Decca had the grace to smile back.
`Has it always been the focus of your practice?'
`No. I went into private practice about six years ago. Prior to that I was resident psychologist at a social welfare unit in St Albans for nine years.'
`You would have had your hands full there,' Crockett said.
`It gave me a reasonably broad perspective,' Decca said.
`Can you remember what kind of work Mr Kransky was engaged in when he began coming to see you?' Crockett asked.
`He was working as a builders' labourer, I believe. He'd only been in the country a short time and was struggling with the language,' Decca said. She was finding it difficult to know how much to reveal about Oleg. `I don't think it was the kind of work he was accustomed to.'
`But he had no difficulty communicating with you?' Crockett asked.
`I had the luxury of time and patience,' Decca said.
There was an uncomfortable pause. Crockett was doing all the talking, Decca noted. Archie kept darting sidelong glances at the younger man as if he wasn't quite following the conversation. Was this what they called `good cop, bad cop'?
`Can you tell us what country Mr Kransky came from?' Crockett asked.
`No,' Decca said.
Crockett put down his pen and looked at her. Archie folded his arms across his chest.
`Not because I don't want to,' she added, quickly. `I simply wasn't ever able to work it out. I assumed he was from Poland.'
`It's a reasonable assumption, given his surname,' Crockett said. `Then again, he could have been of Polish origin but travelled to Australia from somewhere else.'
`I suppose so,' Decca said.
`Is Oleg Kransky a psychopath, Miss Brand?' Archie asked at last.

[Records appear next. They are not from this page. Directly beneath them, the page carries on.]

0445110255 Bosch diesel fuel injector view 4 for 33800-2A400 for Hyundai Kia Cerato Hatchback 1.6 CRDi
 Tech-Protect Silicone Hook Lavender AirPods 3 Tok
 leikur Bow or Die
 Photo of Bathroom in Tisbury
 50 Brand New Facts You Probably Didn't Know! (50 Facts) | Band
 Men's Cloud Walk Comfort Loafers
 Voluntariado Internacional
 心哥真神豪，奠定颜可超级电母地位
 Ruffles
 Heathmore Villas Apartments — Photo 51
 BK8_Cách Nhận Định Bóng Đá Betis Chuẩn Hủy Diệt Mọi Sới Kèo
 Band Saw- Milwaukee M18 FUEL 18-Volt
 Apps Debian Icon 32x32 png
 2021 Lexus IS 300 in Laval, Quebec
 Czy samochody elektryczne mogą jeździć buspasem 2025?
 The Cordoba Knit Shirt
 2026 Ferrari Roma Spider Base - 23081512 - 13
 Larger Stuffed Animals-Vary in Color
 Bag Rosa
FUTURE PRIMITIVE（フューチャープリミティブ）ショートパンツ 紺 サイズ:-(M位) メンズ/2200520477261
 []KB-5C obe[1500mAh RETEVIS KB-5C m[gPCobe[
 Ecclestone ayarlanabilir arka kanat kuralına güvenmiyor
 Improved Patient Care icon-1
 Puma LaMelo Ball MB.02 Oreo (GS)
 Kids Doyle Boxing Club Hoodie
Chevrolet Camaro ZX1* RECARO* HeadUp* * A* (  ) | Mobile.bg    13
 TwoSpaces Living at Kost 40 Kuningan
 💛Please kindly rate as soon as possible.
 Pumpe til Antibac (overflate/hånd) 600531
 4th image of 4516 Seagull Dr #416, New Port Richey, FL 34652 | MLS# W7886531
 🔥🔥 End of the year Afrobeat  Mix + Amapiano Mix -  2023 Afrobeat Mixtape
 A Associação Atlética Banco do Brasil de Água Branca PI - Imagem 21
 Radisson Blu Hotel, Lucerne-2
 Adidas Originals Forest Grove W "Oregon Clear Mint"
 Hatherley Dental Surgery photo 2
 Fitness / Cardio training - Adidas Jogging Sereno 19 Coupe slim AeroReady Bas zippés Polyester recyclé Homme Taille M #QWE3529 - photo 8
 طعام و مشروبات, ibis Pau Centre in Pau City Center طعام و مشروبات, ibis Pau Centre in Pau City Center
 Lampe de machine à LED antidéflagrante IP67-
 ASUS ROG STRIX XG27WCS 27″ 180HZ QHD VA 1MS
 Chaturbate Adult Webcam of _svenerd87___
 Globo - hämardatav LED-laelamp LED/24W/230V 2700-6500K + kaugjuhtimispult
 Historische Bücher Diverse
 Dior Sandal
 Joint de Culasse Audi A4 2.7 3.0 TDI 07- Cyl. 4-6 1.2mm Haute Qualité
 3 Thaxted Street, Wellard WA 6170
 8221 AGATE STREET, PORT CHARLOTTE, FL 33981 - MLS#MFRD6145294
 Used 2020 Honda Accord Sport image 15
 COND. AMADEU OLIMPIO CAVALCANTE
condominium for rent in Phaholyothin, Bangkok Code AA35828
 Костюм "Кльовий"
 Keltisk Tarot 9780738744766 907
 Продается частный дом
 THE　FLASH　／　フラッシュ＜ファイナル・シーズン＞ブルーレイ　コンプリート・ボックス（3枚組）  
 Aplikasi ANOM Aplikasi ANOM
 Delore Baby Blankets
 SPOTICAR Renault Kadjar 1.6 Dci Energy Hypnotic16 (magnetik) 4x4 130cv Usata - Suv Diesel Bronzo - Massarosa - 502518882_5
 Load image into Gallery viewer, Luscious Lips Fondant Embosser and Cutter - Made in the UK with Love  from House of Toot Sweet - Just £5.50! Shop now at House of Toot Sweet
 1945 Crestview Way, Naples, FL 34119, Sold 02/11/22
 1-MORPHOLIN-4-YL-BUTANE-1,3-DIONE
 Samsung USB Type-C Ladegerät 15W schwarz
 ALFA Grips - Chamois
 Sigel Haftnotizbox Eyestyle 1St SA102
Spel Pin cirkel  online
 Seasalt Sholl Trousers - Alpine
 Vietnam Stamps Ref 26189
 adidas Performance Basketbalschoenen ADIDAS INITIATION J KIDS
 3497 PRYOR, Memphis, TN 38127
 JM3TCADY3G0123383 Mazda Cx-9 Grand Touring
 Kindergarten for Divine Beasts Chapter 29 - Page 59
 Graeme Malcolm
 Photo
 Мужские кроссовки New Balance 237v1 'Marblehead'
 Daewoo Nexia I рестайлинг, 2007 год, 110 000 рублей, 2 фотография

`That's a difficult question to answer,' Decca said.
`Give it a shot,' said the DSS with a mirthless grin. When Decca smiled and shook her head, he ploughed ahead before Crockett could get back in on the act.
`In your professional opinion would you consider him unbalanced enough to be capable of killing his wife and then making an attempt on his own life?' Archie leaned forward across the table towards her until his face was uncomfortably close.
Decca stiffened then decided not to let the older man intimidate her.
`Mr Kransky stopped coming to see me in July of last year,' she said, her tone no longer conversational. She paused while she considered giving Archie the bizarre details of Oleg's last appointment, but just as quickly thought better of it. `We had made some progress with his therapy. He mentioned his wife frequently during our sessions. I gained the clear impression that he loved her very much.'
`And did you gain the impression that she felt the same way about him?' Stock asked with a sneer. Decca said nothing. `Did Mr Kransky mention what his wife did for a living, by the way?'
`I understood she worked as a hotel manager,' Decca said.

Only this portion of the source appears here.